The Cyrillic Alphabet: Tailor-Made for Slavic Languages

"We don't understand Latin or Greek. Please send us someone to teach us in our language."

This was the message Prince Rostislav of the Slavic-speaking Moravians (of central Czechoslovakia) sent to the Byzantine emperor at Constantinople in A.D. 861.

Rostislav asked the Byzantine Church for assistance because they taught each nation in its own language, while the Church of Rome, at the time, used only Latin.

The emperor sent two Greek brothers, Cyril and Methodius, who knew both Slavic and Greek, to translate the Bible and liturgy. Two alphabets emerged (which Cyril himself may or may not have created). One soon fell into disuse.

The Cyrillic alphabet is a masterful piece of work, based on the Greek with borrowings from the Coptic and Hebrew.

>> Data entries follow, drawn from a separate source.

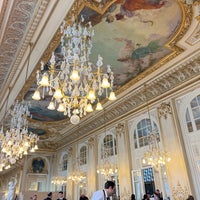 Photo taken at Le Restaurant du Musée d&amp;#39;Orsay by Yana B. on 12/28/2022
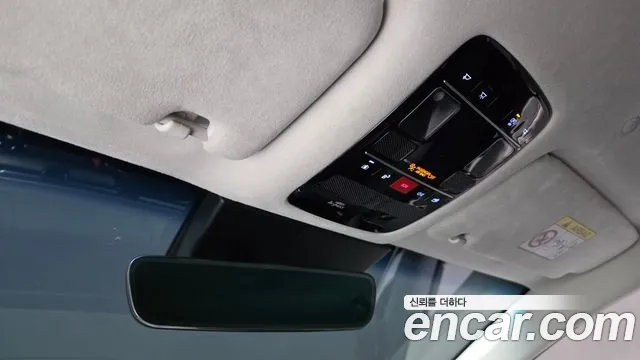 Hyundai Grandeur Grandeur (GN7) 3.5 Бензин 2WD — Фото автомобиля 26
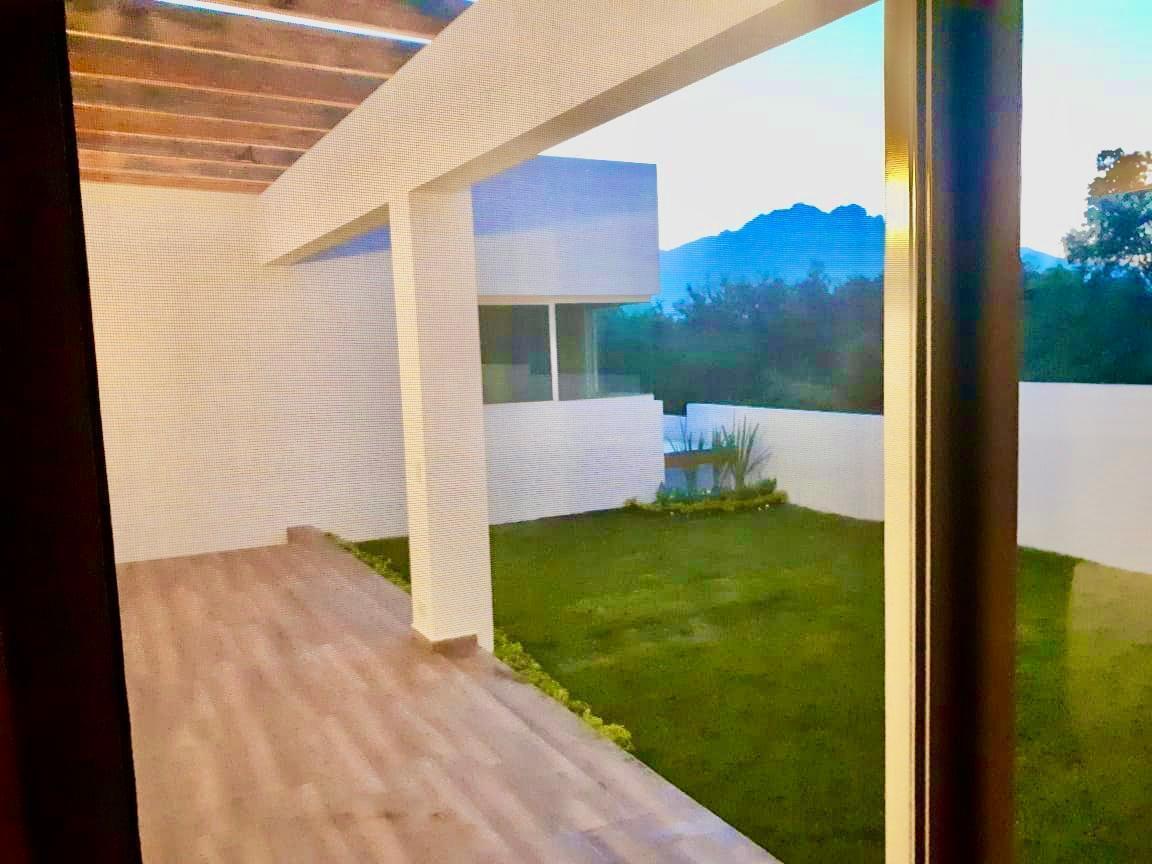 casa-en-venta-en-catujanes-carretera-nacional-monterrey-nl-una-planta36-37361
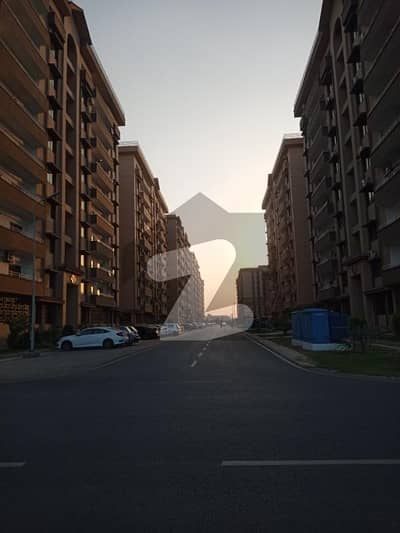 عسکری 10 - سیکٹر ایف عسکری 10,عسکری,لاہور میں 4 کمروں کا 12 مرلہ فلیٹ 1.45 لاکھ میں کرایہ پر دستیاب ہے۔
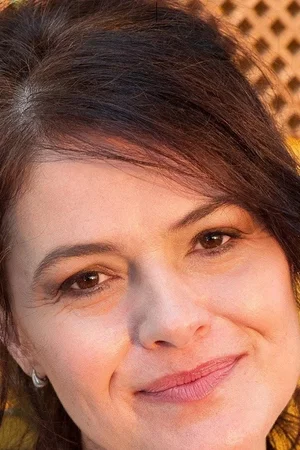  Áurea Baptista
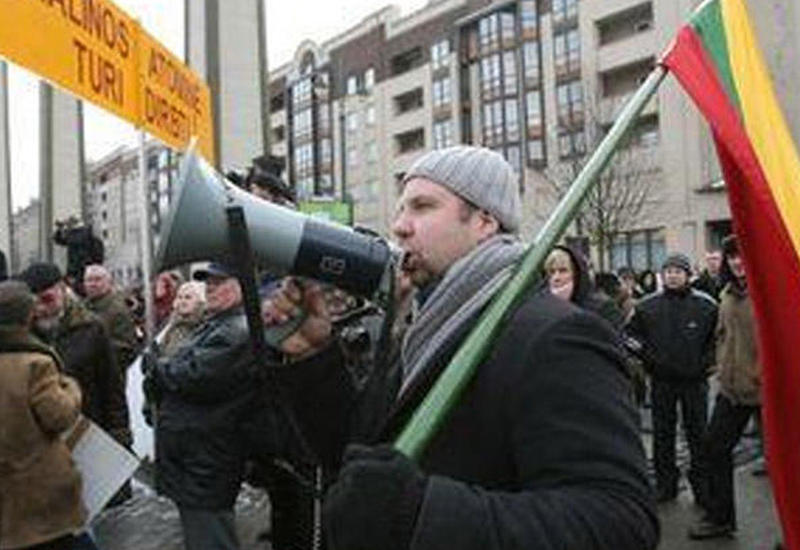 Vilnüsdə etiraz: "Tədris ilinin müddəti uzadılmasın"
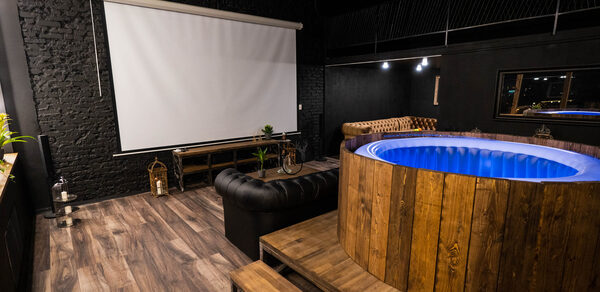 Igloobar. Уникальный лофт-кинозал 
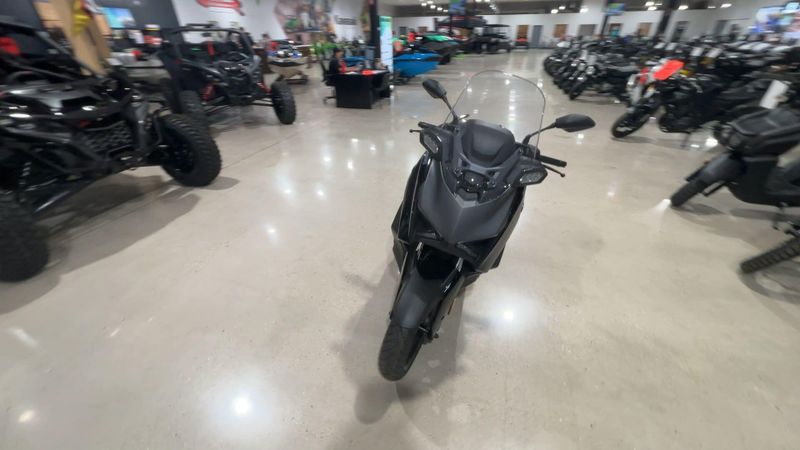 New 2026 Yamaha Xmax Image 7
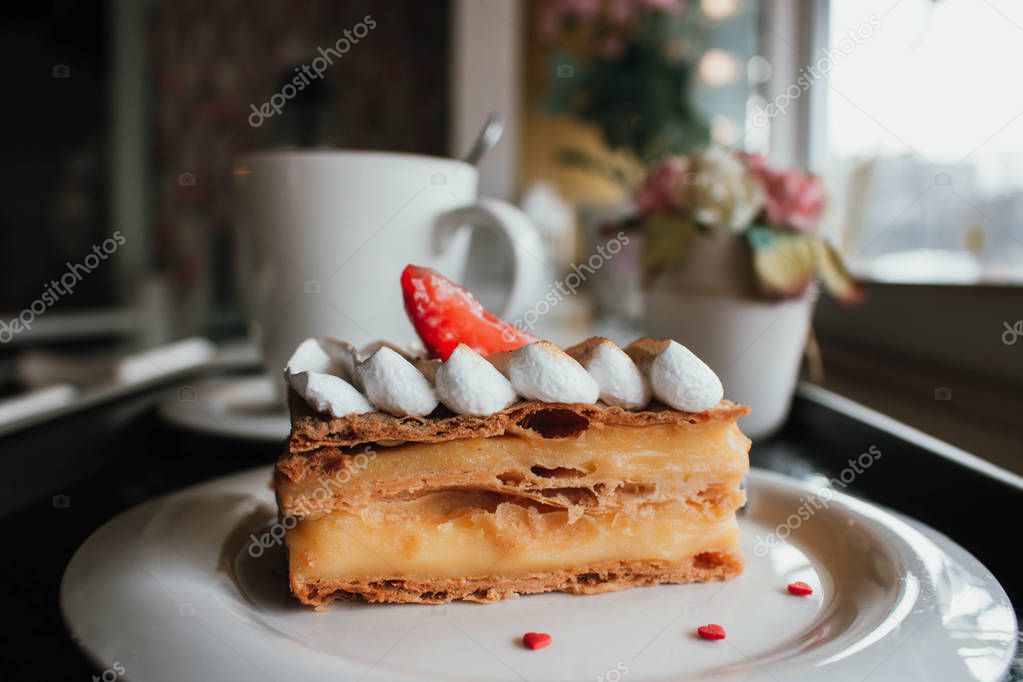 Discos de masa mil hojas listos para montar tortas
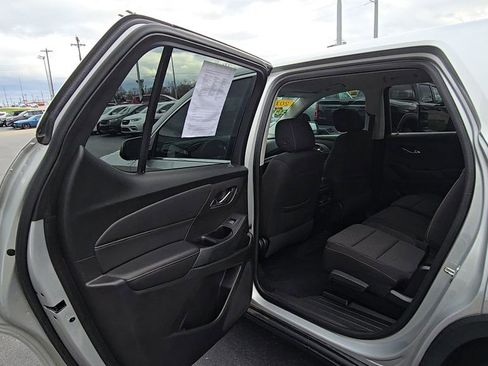Used 2019 Chevrolet Traverse LS image 15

According to tradition, the Apostle Andrew had introduced the Scyths, Sarmatians, and Slavs to the Christian faith on the hills of Kiev in the Ukraine. Some eight centuries later, it is said, Methodius went to Kiev and founded a great center of learning. He took with him the Bible which he and Cyril had translated, and introduced it and the Cyrillic alphabet to the Russians. This alphabet is now used in parts of Eastern Europe and most of the former Soviet Union.